»»

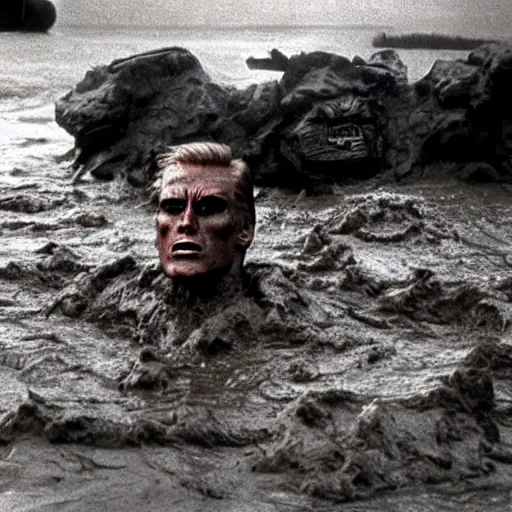 Prompt: the terminator disguised as donald trump, rising out of muddy vietnam river, face covered in mud, low camera angle at water level, night time, film still from apocalypse now ( 1 9 7 9 ), 2 6 mm,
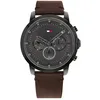 Image de Tommy Hilfiger Montre Analogique Multifunction à Quartz pour Homme avec Bracelet en Cuir Marron Foncé - 1791799 en occasion ou reconditionné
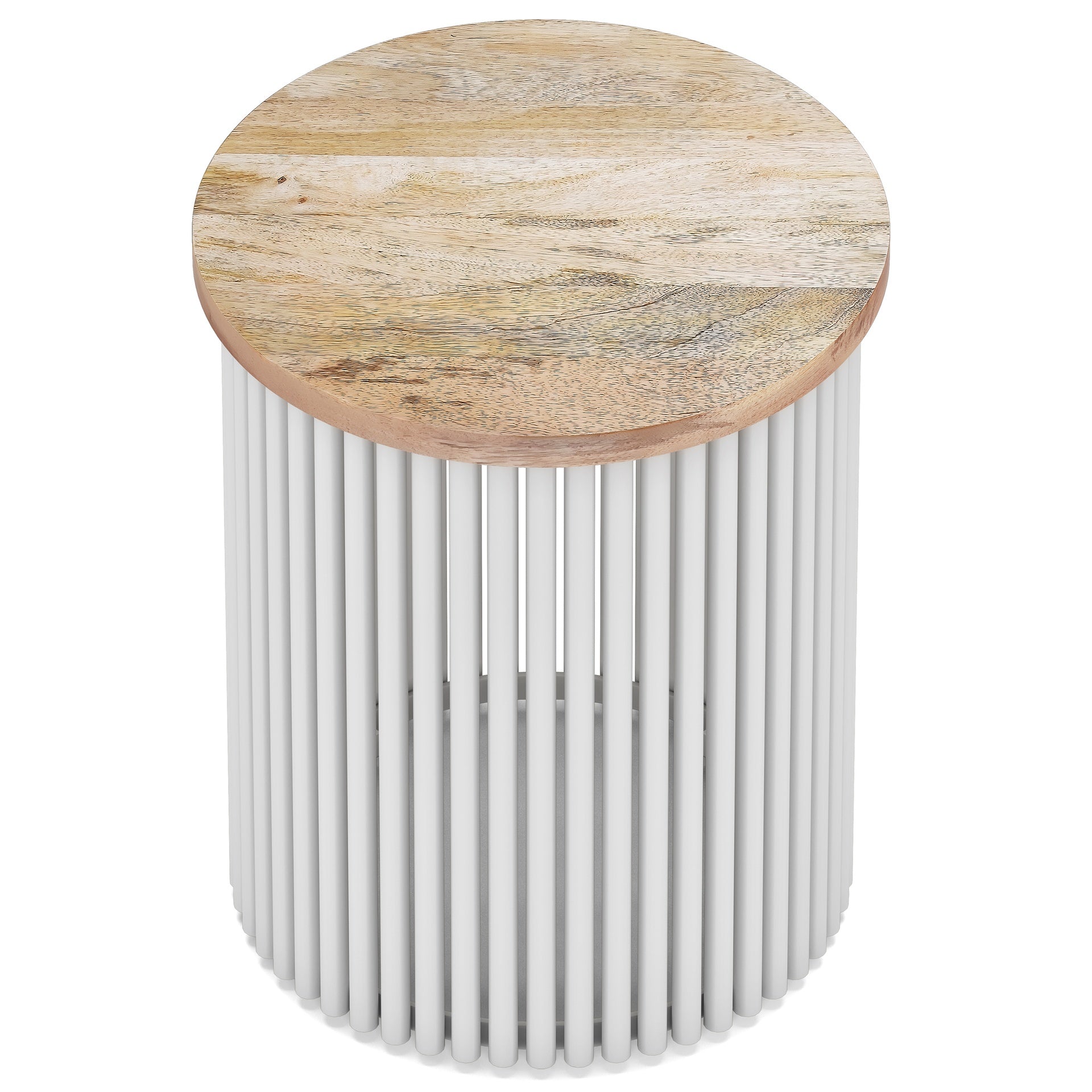 Demy Accent Table in Natural/White
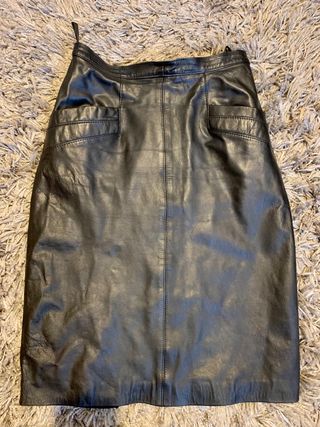 Gonna in pelle vintage nera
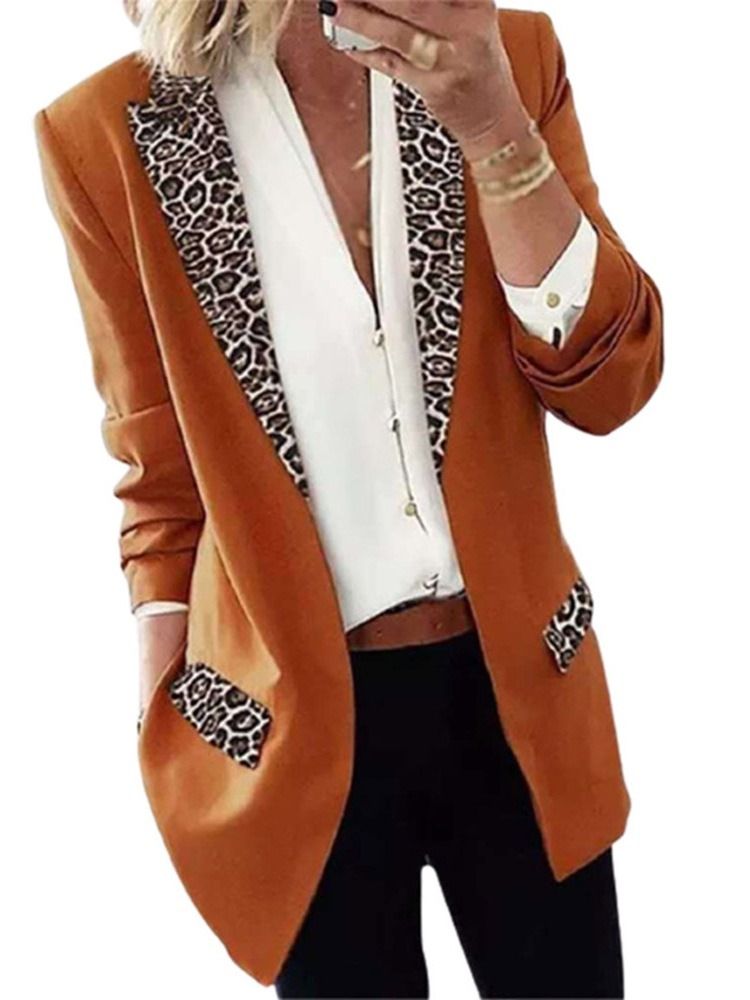 Lapel Leopard Wrapted Fall Mid-Length Casual Dame Blazer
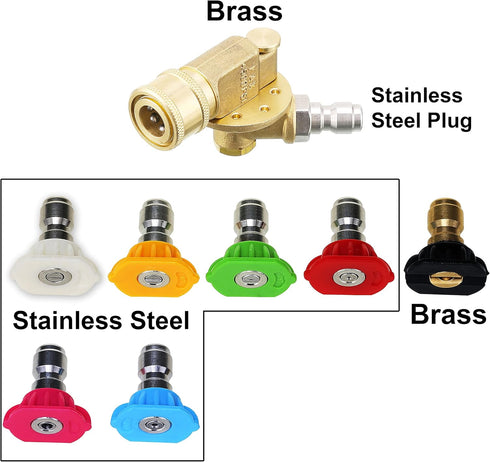 M MINGLE Pressure Washer Accessories Kit, 7 Power Washer Nozzle Tips, Quick Connecting Pivoting Coupler, 1/4 inch, 4500 PSI, 8-Pack...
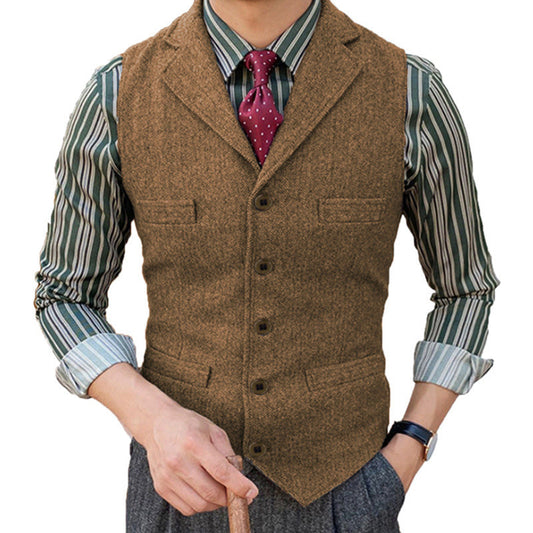 Herren Vintage Weste aus Wollmischung mit Reverskragen und Einreiher-Design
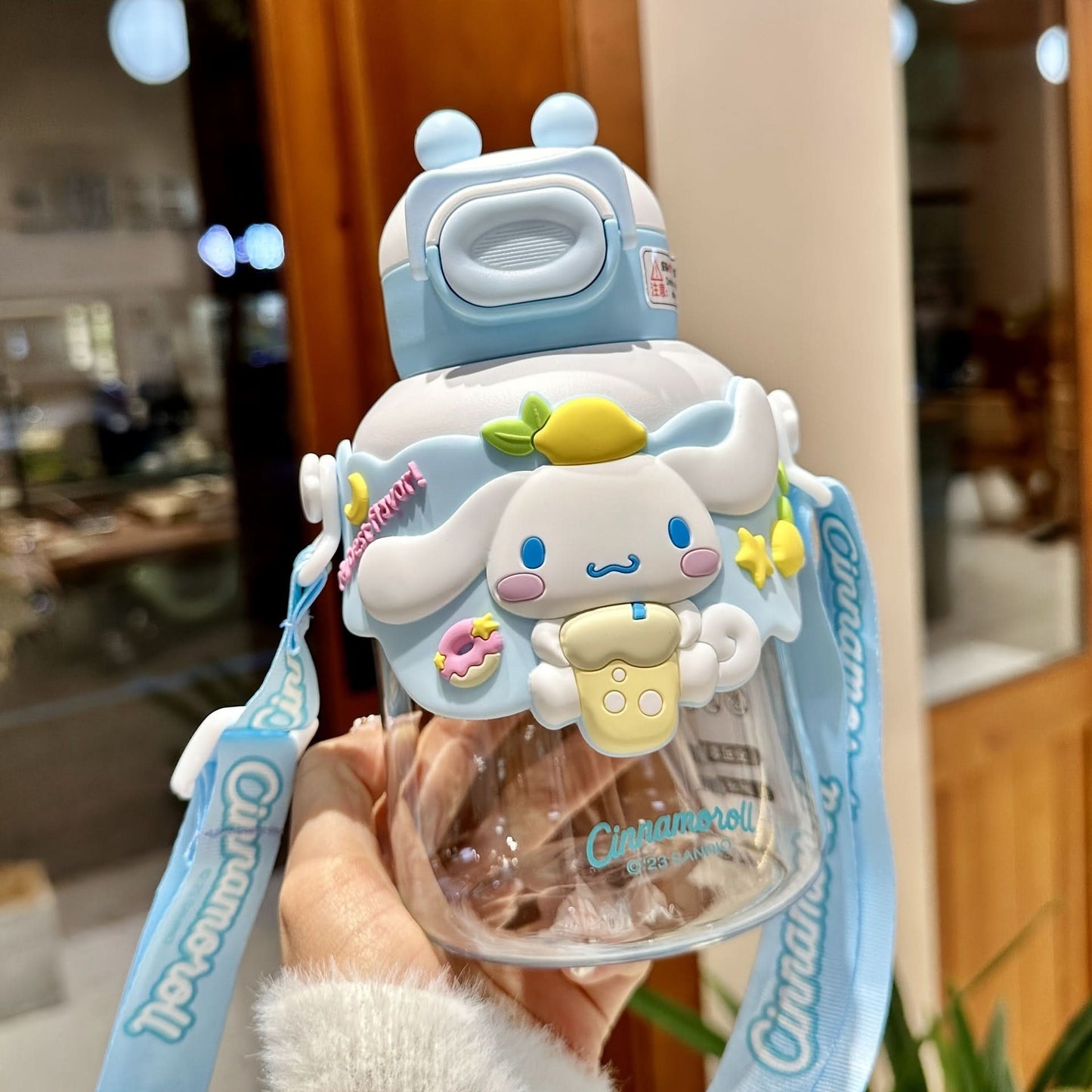 Sanrio Cartoon Character Water Bottle with Straw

««

HOW TO COMPLETE THIS TASK ::
Omit the pictures, then give every record back exactly as it stands.

TASK ANSWER ::
 Prompt: the terminator disguised as donald trump, rising out of muddy vietnam river, face covered in mud, low camera angle at water level, night time, film still from apocalypse now ( 1 9 7 9 ), 2 6 mm,
 Image de Tommy Hilfiger Montre Analogique Multifunction à Quartz pour Homme avec Bracelet en Cuir Marron Foncé - 1791799 en occasion ou reconditionné
 Demy Accent Table in Natural/White
 Gonna in pelle vintage nera
 Lapel Leopard Wrapted Fall Mid-Length Casual Dame Blazer
 M MINGLE Pressure Washer Accessories Kit, 7 Power Washer Nozzle Tips, Quick Connecting Pivoting Coupler, 1/4 inch, 4500 PSI, 8-Pack...
 Herren Vintage Weste aus Wollmischung mit Reverskragen und Einreiher-Design
 Sanrio Cartoon Character Water Bottle with Straw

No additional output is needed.